In the debate over allocation of public resources between the proverbial guns and butter, or between military and nonmilitary public spending, powerful beneficiaries of war dividends have proven very resourceful in outmaneuvering proponents of limits on military spending. During the bipolar world of the Cold War era that was not a difficult act to perform as the rationale-the "communist threat"-readily lay at hand. Justification of increased military spending in the post-Cold War period has prompted these beneficiaries to be even more creative in manufacturing "new sources of danger to U.S. interests" in order to justify unilateral wars of aggression. It is not surprising, then, that a wide range of "new sources of threat to U.S. national interests" have emerged in the wake of the collapse of the Soviet Union: "rogue states, axis of evil, global terrorism, Islamic radicalism, enemies of democracy," and more.

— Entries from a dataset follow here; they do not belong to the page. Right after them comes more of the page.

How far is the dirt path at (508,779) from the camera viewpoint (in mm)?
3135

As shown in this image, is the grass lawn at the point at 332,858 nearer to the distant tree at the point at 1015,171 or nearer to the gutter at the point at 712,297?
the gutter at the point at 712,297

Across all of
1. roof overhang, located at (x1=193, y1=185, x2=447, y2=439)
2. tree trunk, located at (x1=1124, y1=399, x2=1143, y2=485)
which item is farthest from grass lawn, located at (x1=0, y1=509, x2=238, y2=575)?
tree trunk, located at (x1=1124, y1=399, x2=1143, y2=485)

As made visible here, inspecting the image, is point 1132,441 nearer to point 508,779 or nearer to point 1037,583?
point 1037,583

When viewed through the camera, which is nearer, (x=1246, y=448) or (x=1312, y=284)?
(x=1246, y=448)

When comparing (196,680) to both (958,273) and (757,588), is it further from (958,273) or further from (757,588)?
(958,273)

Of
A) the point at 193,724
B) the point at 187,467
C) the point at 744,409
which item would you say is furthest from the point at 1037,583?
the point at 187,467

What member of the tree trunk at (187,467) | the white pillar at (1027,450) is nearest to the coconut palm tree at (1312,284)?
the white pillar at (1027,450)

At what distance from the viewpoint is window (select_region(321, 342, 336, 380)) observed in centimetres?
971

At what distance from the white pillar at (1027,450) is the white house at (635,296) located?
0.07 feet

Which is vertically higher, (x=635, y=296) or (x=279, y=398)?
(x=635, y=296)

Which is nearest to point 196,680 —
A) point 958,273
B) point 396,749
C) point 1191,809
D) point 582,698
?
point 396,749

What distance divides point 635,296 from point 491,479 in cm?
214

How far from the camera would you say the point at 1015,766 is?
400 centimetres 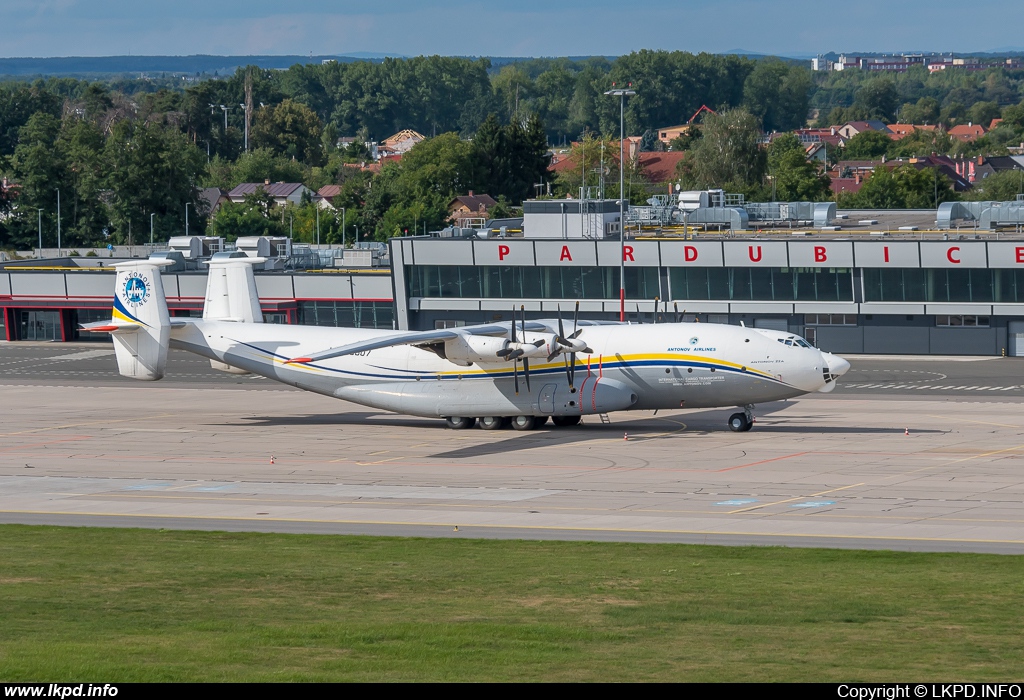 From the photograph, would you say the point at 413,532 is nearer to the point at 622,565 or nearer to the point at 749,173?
the point at 622,565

Just as the powerful beneficiaries of war dividends view international peace and stability inimical to their business interests, so too the hard-line Zionist proponents of "greater Israel" perceive peace between Israel and its Arab neighbors perilous to their goal of gaining control over the promised "Land of Israel." The reason for this fear of peace is that, according to a number of the United Nations' resolutions, peace would mean Israel's return to its pre-1967 borders; that is, withdrawal from the West Bank and Gaza Strip.
But because proponents of "greater Israel" are unwilling to withdraw from these territories, they are therefore fearful of peace and genuine dialogue with Palestinians-hence, their continued disregard for UN resolutions and their systematic efforts at sabotaging peace negotiations. By the same token, these proponents view war and convulsion (or, as David Ben-Gurion, one of the key founders of the State of Israel, put it, "revolutionary atmosphere") as opportunities that are conducive to the expulsion of Palestinians, to the territorial recasting of the region, and to the expansion of Israel's territory. 
These think tanks, which might appropriately be called institutes of war and militarism, are staffed and directed mainly by the neoconservative champions of the military-industrial-Zionist alliance, that is, by the proponents of unilateral wars of aggression. There is strong evidence that the major plans of the Bush administration's foreign policy have been drawn up largely by these think thanks, often in collaboration, directly or indirectly, with the Pentagon, the arms lobby, and the Israeli lobby. These war mongering think tanks and their neoconservative champions serve as direct links, or conveyer belts, between the armaments lobby and the Israeli lobbies on the one hand, and the Bush administration and its Congressional allies on the other.
Take the Center for Security Policy (CSP), for example. It "boasts that no fewer than 22 former advisory board members are close associates in the Bush administration. . . . A sixth of the Center's revenue comes directly from defense corporations." The Center's alumni in key posts in the Bush administration include its former chair of the board, Douglas Feith, who served for more than four years as Undersecretary of Defense for Policy, Pentagon Comptroller Dov Zakheim, former Defense Policy Board Chair Richard Perle, and long-time friend and financial supporter Defense Secretary Donald Rumsfeld. In its 1998 annual report, the center "listed virtually every weapons-maker that had supported it from its founding, from Lockheed, Martin Marietta, Northrop, Grumman, and Boeing, to the later 'merged' incarnations of same-Lockheed Martin, Northrop Grumman, and so forth."